Kevin Tracey: Now we can learn the lingo.

Specifically, the team’s work shows “it is possible to detect specific cytokine signaling from the body’s receptors to the brain through electrical signals in the vagus nerve,” noted Zanos, credited as the lead author of the PNAS paper.

“We will now use the neural decoding methods from this study to identify the neural signaling of a variety of medical conditions in future bioelectronic medicine studies,” Zanos added. “This is a key step to provide insights to engineer cutting-edge diagnostic and therapeutic devices.”

Bioelectronic medicine – an emerging field combining neuroscience, molecular biology and bioengineering – taps into the nervous system to treat disease and injury without the use of pharmaceuticals.

The nascent and promising field has found a home of sorts at the Feinstein Institute: In addition to Tracey, Northwell Health’s research mecca boasts leading bioelectronics scientist Chad Bouton, a former Battelle researcher now heading Feinstein’s Center for Bioelectronic Medicine.

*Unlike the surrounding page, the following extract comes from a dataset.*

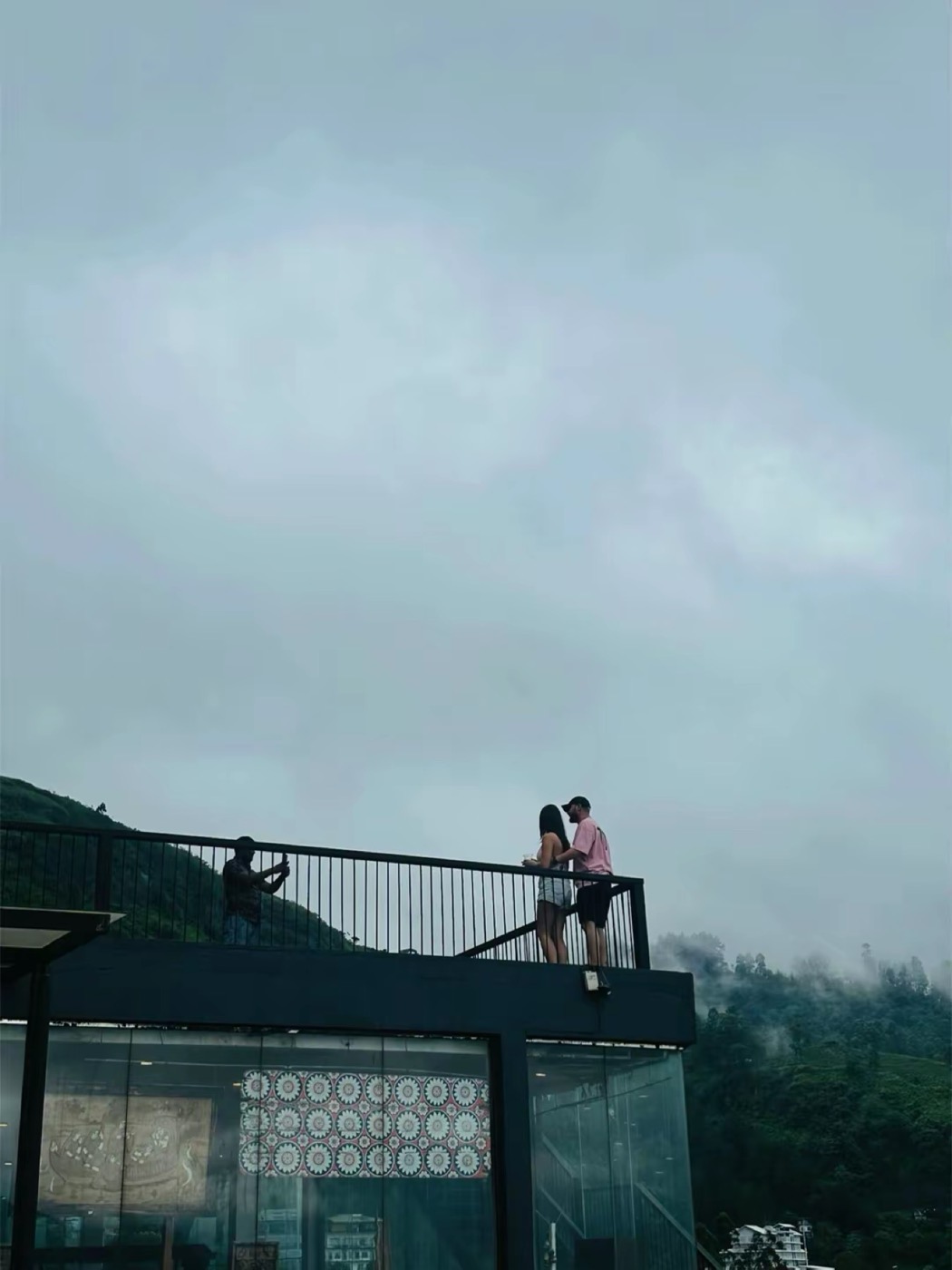 A quiet terrace in the clouds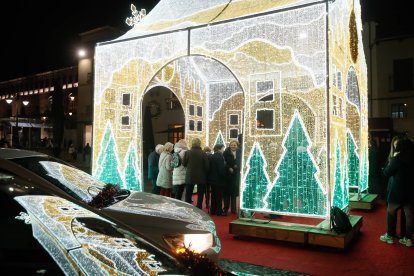Los taxis llevan a los ancianos a ver las luces de Navidad en León.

Tracey – whose nerve-stimulation research is paving pathways toward new, non-pharmaceutical treatments for rheumatoid arthritis, diabetes, lupus and a host of other diseases and conditions – called Zanos’ findings “a major discovery in the field of bioelectronic medicine.”

“We have long known that the nervous system communicates with the body,” Tracey said Monday. “We can now learn the language by which it communicates, which enables us to fine-tune how we help the body heal itself.”